“Essa dor não me deixa”, diz mãe de jovem morto no Ninho do Urubu
Marilia Barros, 50 anos, fala de luto e revolta um ano depois da tragédia
Todos os dias me esforço para tornar tolerável essa dor que a morte do Arthur me trouxe, e nada a faz passar. Ainda trabalho, cumpro meus deveres, mas a ausência dele me arrancou a alegria. Meu marido morreu quando ele ainda era pequeno, então éramos só nós dois. Ficava a semana inteira à espera da ligação do Arthur na quinta-feira, para decidir se ele viria do Ninho do Urubu, no Rio de Janeiro, para Volta Redonda, onde morávamos, ou se era a minha vez de visitá-lo na capital. O fim de semana voava, mas sempre dava para matar a saudade. Era um privilégio. Muitas das mães dos meninos que ficavam no Ninho passavam meses e meses sem ver os filhos, porque viviam longe. A última vez que falei com o Arthur foi de novo em uma quinta-feira, véspera da tragédia que mataria outros nove garotos naquele fatídico incêndio. Seria aniversário dele no sábado, dois dias depois. No lugar de fazer festa e apagar as velinhas do bolo de 15 anos, enterrei meu filho.

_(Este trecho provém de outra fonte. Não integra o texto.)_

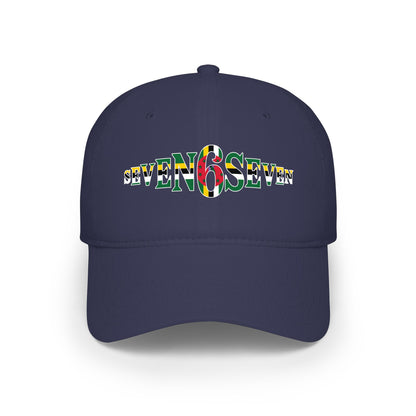 Low Profile Baseball Cap with Flag Logo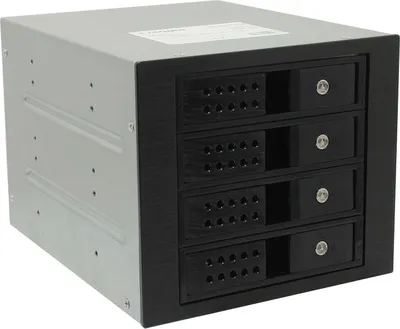 Корзина для HDD ExeGate HS435-02, 4×3,5"/2,5" SATA, 3×5,25", RTL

A gente vai se adaptando, tentando contornar o luto. Eu me pego assistindo cada vez menos aos vídeos do Arthur, prefiro as fotos. Ver ele se mexendo, brincando, rindo aumenta a minha dor diante da ideia de não poder fazer mais nada disso. Fico com saudade até do que o Arthur poderia ter sido. Como seria a barba dele? Estaria mais alto? Ele me apresentaria uma namorada, me daria um neto? Isso não é mais um buraco: é uma cratera. Rezo muito, peço por ele. Acredito que Arthur não gostaria de ver a mãe triste de forma alguma, e é por ele que eu tento continuar encontrando meus amigos, minha família, indo à igreja, seguindo em frente. Chego aos lugares, vejo pais com filhos e me pergunto: cadê o meu? Sinto falta até da bagunça, da reclamação, de dar bronca no Arthur para não gastar dinheiro demais com bobagens por aí. Quando a gente perde os pais — e eu já perdi os meus — vira órfão. Quando perde um filho, vira o quê? Não há resposta no Google, no dicionário. Não existe nome para isso, não é natural. A última vez que vi o Arthur foi no derradeiro domingo de férias. Como eu ia saber que, nestas férias de agora, no lugar dele haveria o vazio?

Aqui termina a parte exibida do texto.